Quelques jours après la publication, le 5 octobre dans le New York Times, d’une ­première série de révélations sur son comportement à l’égard des femmes, le producteur Harvey Weinstein fit parvenir un communiqué à la rédaction du journal, dans lequel il expliquait : « Je suis devenu adulte dans les années 1960 et 1970, où les règles de comportement au travail étaient différentes. C’était dans la culture à l’époque. J’ai compris depuis que ce n’est pas une excuse. » Ce qui se voulait tout à la fois une défense et un mea culpa fut d’emblée raillé, accroissant encore l’indignation générale. A la suite de nouvelles révélations par le Times et le New Yorker, Weinstein est désormais accusé de faits de harcèlement, d’agression sexuelle et de viols – qui concernent des dizaines de femmes et remontent pour certaines à vingt ans.

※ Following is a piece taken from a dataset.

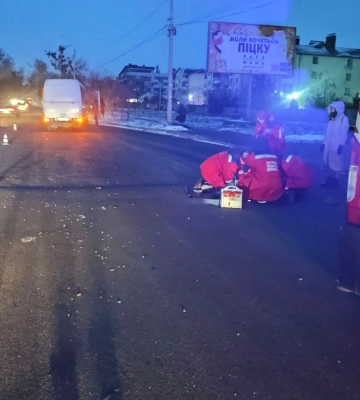 Трагічний ранок: у Рівному маршрутка збила пенсіонерку. Вона загинула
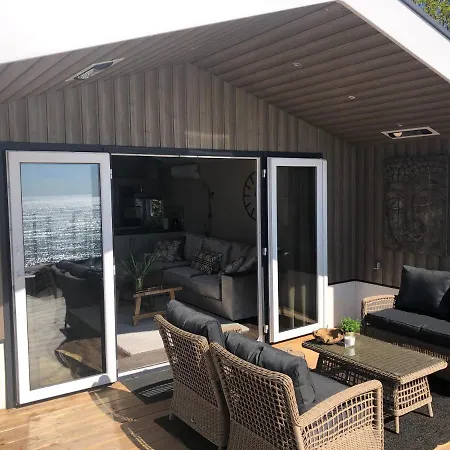 Ferienhaus Luxe Chalet Markermeer ***** *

Et pourtant, cette déclaration, aussi irrecevable soit-elle, recèle sa part de vrai. L’affaire Weinstein permet de mesurer qu’en quarante ans les violences sexuelles n’ont pas disparu, mais que le cadre social de leur réception a évolué, que ce qui était encore admissible dans les années 1960 et 1970 ne l’est plus. Lorsque, en 1978, Gisèle Halimi défendit la cause de deux femmes victimes de viols dont les agresseurs n’avaient, dans un premier temps, été accusés que de coups et ­blessures, la puissance du déni des violences sexuelles était d’un autre ordre. Il fallut cette affaire pour qu’en 1980, la France fasse ­évoluer sa ­législation sur le viol, et en précise les contours.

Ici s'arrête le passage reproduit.